T6002 (Right USB-C Port)
The T6002 is a similar 32-pin QFN package installed near the right USB-C connector. Replacement procedure mirrors CD3215. Confirm the chip orientation by checking silkscreen markings and component datasheet alignment—reversed orientation causes all signals to float or lock high.
Supporting Passives
Each port has associated decoupling capacitors (typically 1 µF / 10 µF ceramic X7R rated for 10V minimum) and pull-down resistors (5.1 kΩ 1% metal film). Swollen or leaky capacitors near either controller are a common secondary fault. Replace them in pairs if one fails; do not mix old and new.
Post-Repair Integration Test
Power-On Self-Test
Connect the battery and power on the MacBook Air M2 without the external adapter. The SMC should initialize normally and the display should come on. If the board powers up during this step, the logic board is not hard-shorting.
Now insert a known-good USB-C power adapter (minimum 20V 3A output) into the repaired port. The System Report should show "Battery Power" transitioning to "AC Power" within 1–2 seconds. If the transition is slow (5+ seconds) or fails, the negotiation is incomplete—check CC line timing with an oscilloscope.
Thermal Load Test
Run Cinebench R24 or geekbench for 10 minutes while connected via the repaired port. The power adapter input should read steady 20V at approximately 2.0–2.5A under CPU load. Battery charge percentage should increase at a rate of 2–3% per minute when idle and charging simultaneously.
If current spiking occurs (sudden drops to 0.1A or spikes above 3A), the power management IC is oscillating—likely secondary damage to the ISL6259 voltage regulator.
Cross-Port Verification
Repeat the full test sequence on the second USB-C port to confirm both controllers function independently. A truly healthy M2 board can charge from either port at full 96W output when using a suitable multiport adapter.
Common Failure Modes & Prevention
Overvoltage spike: Defective third-party USB-C power supplies delivering > 24V to the port directly damage the VBUS input of the CD3215 and T6002 ICs. The ESD diode clamps usually fail first; secondary cascade damage affects the voltage regulator. Advise users to use only Apple or certified USB-C PD adapters rated explicitly for 20V 5A or higher.

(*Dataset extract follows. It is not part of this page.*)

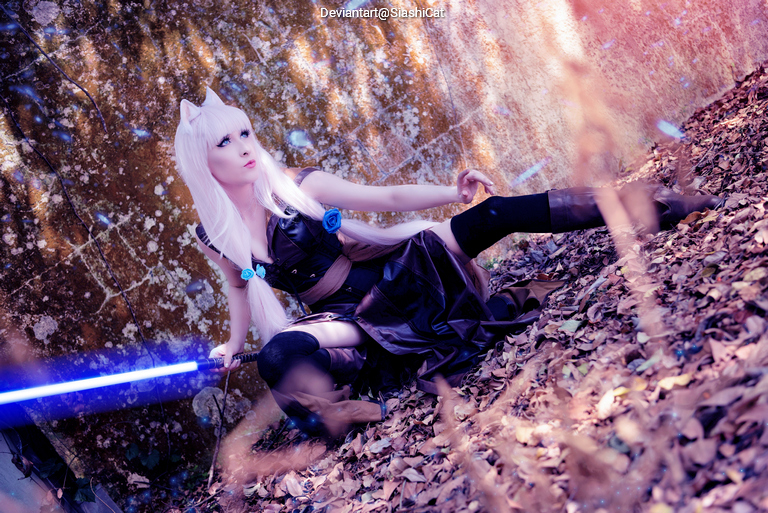 A cosplayer in a dark outfit with long blonde hair and blue accessories poses dramatically in a forest setting, holding a blue lightsaber.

Repeated insert/removal stress: The USB-C connector solder joints—not the controllers themselves—fail under mechanical fatigue. However, when the connector cracks internally, it creates intermittent shorts across VBUS and GND. Monitor resistance stability across the positive rail during thermal cycling.
Moisture ingress: MacBook Air M2 casings are relatively sealed, but liquid damage near the USB-C zone can bridge the fine-pitch traces on the controller. Apply conformal coating (acrylic, not silicone) on the USB-C breakout area if the unit has humidity history. Include a small cutout over the test points for future diagnostics.